#### Pandas Tutorial - Part 67: DataFrame.to_dict()

This notebook covers the `to_dict()` method, which converts a DataFrame to a dictionary with various orientation options.

In [None]:
import pandas as pd
import numpy as np
from collections import defaultdict, OrderedDict

# Set display options
pd.set_option('display.max_columns', None)
pd.set_option('display.expand_frame_repr', False)

##### DataFrame.to_dict()

The `to_dict()` method converts a DataFrame to a dictionary.
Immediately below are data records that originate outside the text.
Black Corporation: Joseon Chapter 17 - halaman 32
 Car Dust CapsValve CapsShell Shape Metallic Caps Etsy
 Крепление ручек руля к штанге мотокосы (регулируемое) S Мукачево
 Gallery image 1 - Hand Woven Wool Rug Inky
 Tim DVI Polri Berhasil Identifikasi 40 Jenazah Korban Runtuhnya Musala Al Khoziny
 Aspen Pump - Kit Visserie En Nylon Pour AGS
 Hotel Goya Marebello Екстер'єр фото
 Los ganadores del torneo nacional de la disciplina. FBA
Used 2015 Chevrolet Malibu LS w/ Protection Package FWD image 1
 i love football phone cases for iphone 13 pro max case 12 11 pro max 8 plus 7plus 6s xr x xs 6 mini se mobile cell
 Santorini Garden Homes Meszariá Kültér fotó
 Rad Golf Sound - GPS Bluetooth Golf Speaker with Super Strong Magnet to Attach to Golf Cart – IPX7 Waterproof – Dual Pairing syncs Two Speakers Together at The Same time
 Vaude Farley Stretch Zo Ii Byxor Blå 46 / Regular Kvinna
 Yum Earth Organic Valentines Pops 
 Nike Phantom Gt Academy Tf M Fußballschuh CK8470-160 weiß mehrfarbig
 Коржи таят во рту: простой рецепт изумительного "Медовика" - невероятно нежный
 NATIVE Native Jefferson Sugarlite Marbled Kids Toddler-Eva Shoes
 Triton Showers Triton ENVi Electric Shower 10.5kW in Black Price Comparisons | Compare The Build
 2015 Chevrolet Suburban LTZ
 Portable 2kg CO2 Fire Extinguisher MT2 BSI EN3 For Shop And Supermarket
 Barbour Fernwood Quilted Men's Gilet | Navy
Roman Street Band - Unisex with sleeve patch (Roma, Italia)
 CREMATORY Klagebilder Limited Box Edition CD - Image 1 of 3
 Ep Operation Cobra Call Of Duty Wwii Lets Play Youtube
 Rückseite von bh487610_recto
The structure of the resulting dictionary depends on the `orient` parameter, which determines how the DataFrame's data is organized in the dictionary.

In [None]:
# Create a sample DataFrame
df = pd.DataFrame({
    'col1': [1, 2],
    'col2': [0.5, 0.75]
}, index=['row1', 'row2'])

print("Sample DataFrame:")
print(df)

### Default orientation: 'dict'

By default, `to_dict()` uses the 'dict' orientation, which creates a dictionary with column names as keys and nested dictionaries as values. The nested dictionaries have index values as keys and cell values as values.

In [None]:
# Default orientation: 'dict'
dict_default = df.to_dict()
print("Default orientation ('dict'):")
print(dict_default)

### Orientation: 'list'

The 'list' orientation creates a dictionary with column names as keys and lists of values as values.

In [None]:
# Orientation: 'list'
dict_list = df.to_dict(orient='list')
print("Orientation 'list':")
print(dict_list)

### Orientation: 'series'

The 'series' orientation creates a dictionary with column names as keys and Series objects as values.

In [None]:
# Orientation: 'series'
dict_series = df.to_dict(orient='series')
print("Orientation 'series':")
print(dict_series)

# Demonstrate that the values are Series objects
print("\nType of the first value:", type(dict_series['col1']))
print("\nAccessing the first Series:")
print(dict_series['col1'])

### Orientation: 'split'

The 'split' orientation creates a dictionary with keys 'index', 'columns', and 'data', containing the index values, column names, and data values respectively.

In [None]:
# Orientation: 'split'
dict_split = df.to_dict(orient='split')
print("Orientation 'split':")
print(dict_split)

### Orientation: 'records'

The 'records' orientation creates a list of dictionaries, where each dictionary represents a row in the DataFrame with column names as keys.

In [None]:
# Orientation: 'records'
dict_records = df.to_dict(orient='records')
print("Orientation 'records':")
print(dict_records)

### Orientation: 'index'

The 'index' orientation creates a dictionary with index values as keys and dictionaries of column-value pairs as values.

In [None]:
# Orientation: 'index'
dict_index = df.to_dict(orient='index')
print("Orientation 'index':")
print(dict_index)

### Using abbreviations for orientation

Pandas allows using abbreviations for the orientation parameter. For example, 's' for 'series' and 'sp' for 'split'.

In [None]:
# Using abbreviation 's' for 'series'
dict_s = df.to_dict(orient='s')
print("Abbreviation 's' for 'series':")
print(dict_s)

# Using abbreviation 'sp' for 'split'
dict_sp = df.to_dict(orient='sp')
print("\nAbbreviation 'sp' for 'split':")
print(dict_sp)

### Using different dictionary types with the 'into' parameter

The `into` parameter allows specifying a different dictionary type to use for the result. This can be any subclass of `collections.abc.Mapping`.

In [None]:
# Using OrderedDict
dict_ordered = df.to_dict(into=OrderedDict)
print("Using OrderedDict:")
print(dict_ordered)
print("Type:", type(dict_ordered))

In [None]:
# Using defaultdict
# Note: defaultdict must be initialized with a factory function
dict_default_dict = df.to_dict(into=lambda: defaultdict(int))
print("Using defaultdict:")
print(dict_default_dict)
print("Type:", type(dict_default_dict))

# Demonstrate defaultdict behavior
print("\nAccessing a non-existent key in the first nested dictionary:")
print(dict_default_dict['col1']['non_existent_key'])  # Returns 0 (default value for int)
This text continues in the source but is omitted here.